What’s it like to transition to a new job when remote work is here to stay? Encouraging.
I recently joined VMware in a product marketing role focused on solutions that enable work from anywhere. From my first day, I was able to experience a streamlined way to securely work, from my house in Austin, Texas. And I felt like part of a team!
What were my expectations? I expected to have to read a lot of documents in order to successfully log in, and perhaps some confusion about which password works for what. I expected to have to hunt around for applications and information. I expected to learn the culture as I went, picking it up from people I interacted with, one by one.

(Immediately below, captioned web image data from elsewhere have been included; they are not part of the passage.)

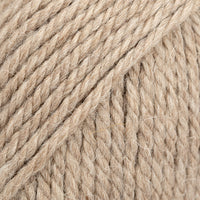 Close-up of heathered beige yarn 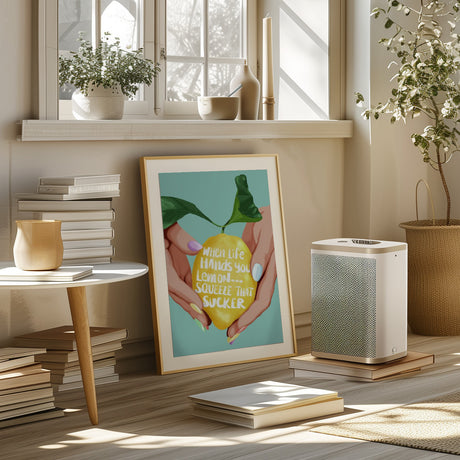 Squeeze That Lemon Poster och Canvastavla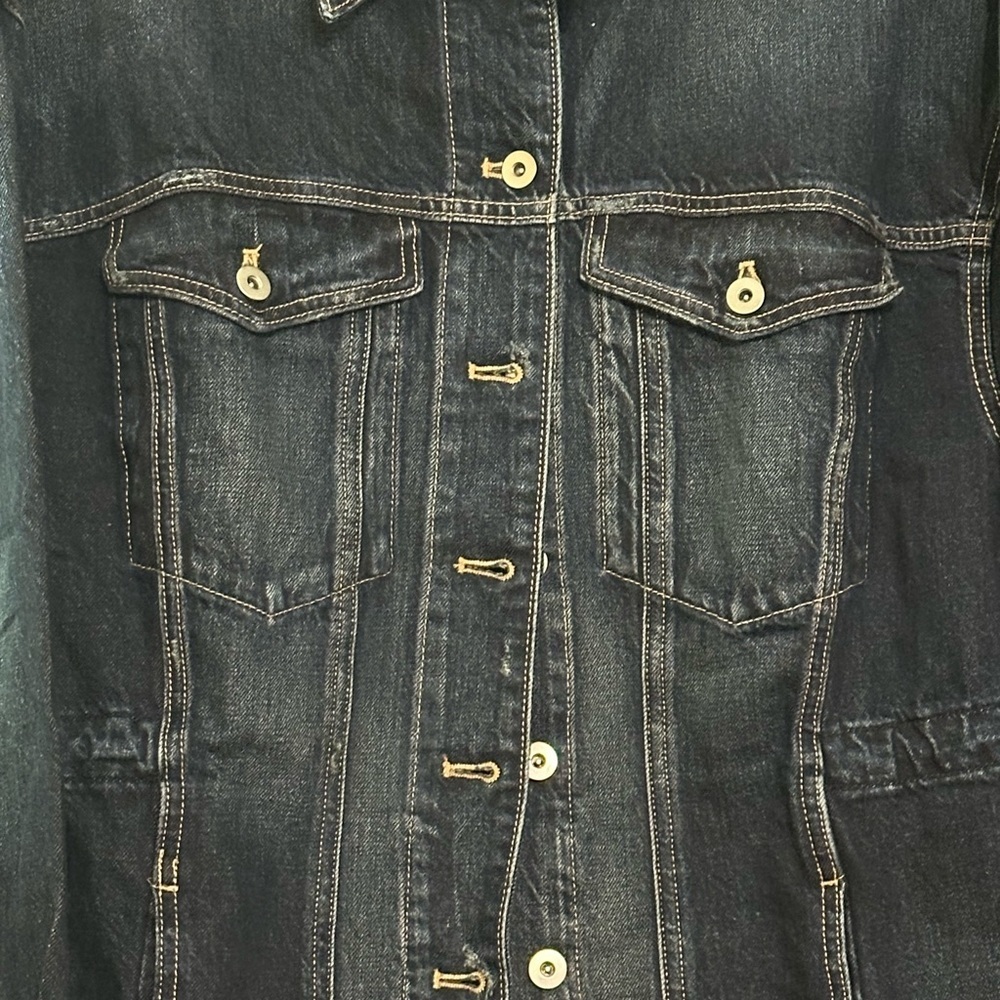 ZARA Oversized Casual Lightweight Blue Denim Jean Jacket Medium - Picture 4 of 14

What did I get? I got everything that I needed to easily log in and work on Day 1, including an email with my login information and the ability to use my personal PC just in case my work PC delivery was delayed. The onboarding and benefits enrollment process was integrated with Workday – which is how I applied to my role at VMware – so things just picked up from where I left off as I transitioned from being an applicant to being an employee.
All of the applications that I needed for work – whether cloud-based or on-prem – were in the Workspace ONE Intelligent Hub. I could get started collaborating in SharePoint and Teams, and seamlessly access things like Miro online with SSO, which means fewer passwords to worry about and fewer security-related concerns for IT. VMware also has an excellent internal Intranet, so I could find a lot of information on my own, and a personalized onboarding guide specific to my department and role was at my disposal.

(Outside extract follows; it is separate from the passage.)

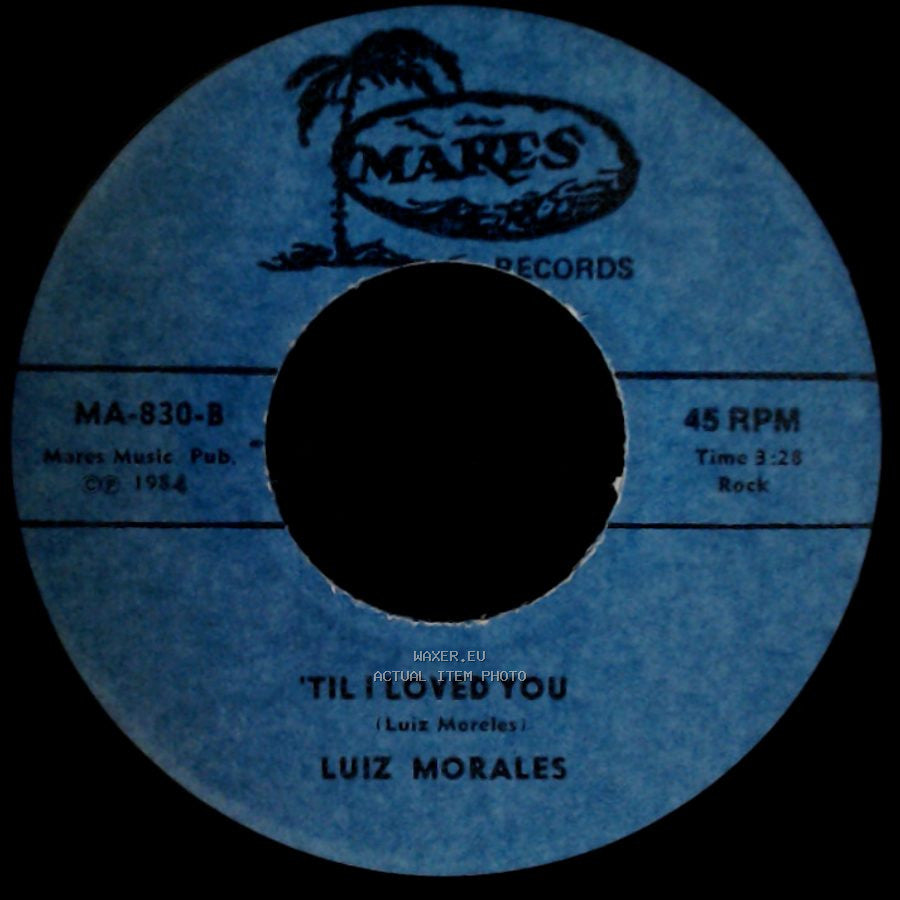 Luiz Morales - 'til I Loved You / On The Threshold Of Love side A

I had expectations about how onboarding worked, and they were exceeded because VMware took the time to pre-smooth (is that a word?) the road, designing onboarding around employee experience. Not only was I engaged and working quickly; I was happy and finding my flow. In training, VMware IT also let me know what specific information is collected to improve security and employee experience. Workspace ONE is designed to preserve privacy, in contrast to scenarios where companies monitor productivity via employee surveillance.

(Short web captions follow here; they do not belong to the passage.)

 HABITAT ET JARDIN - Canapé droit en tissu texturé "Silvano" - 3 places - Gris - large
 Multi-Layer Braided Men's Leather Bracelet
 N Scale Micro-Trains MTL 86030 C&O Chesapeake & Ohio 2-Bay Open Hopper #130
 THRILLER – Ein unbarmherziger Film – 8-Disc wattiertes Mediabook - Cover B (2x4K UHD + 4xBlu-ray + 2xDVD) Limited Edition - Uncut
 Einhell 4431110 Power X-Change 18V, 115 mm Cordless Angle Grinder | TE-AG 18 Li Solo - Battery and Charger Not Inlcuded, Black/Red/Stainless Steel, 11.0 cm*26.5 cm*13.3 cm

And what of culture? I expected it to be an implicit thing. It wasn’t. From the interview process on, VMware put culture at the center of conversations. During onboarding, VMware deeply explained EPIC2 values, shared the work they are doing to drive cultural leadership, and put the values to work in individual and group interactions. I find it incredibly strategic for two reasons: one, I am remote, so being immersed in office culture is not realistic; and two, if we are going to expand diversity, equity, and inclusion at work, our values must embrace diversity and unify purpose. EPIC2 values do this.
All in all, I had an onboarding experience that was par excellence. We’re giving ourselves the experience that we promise to customers, and that’s what we’re about.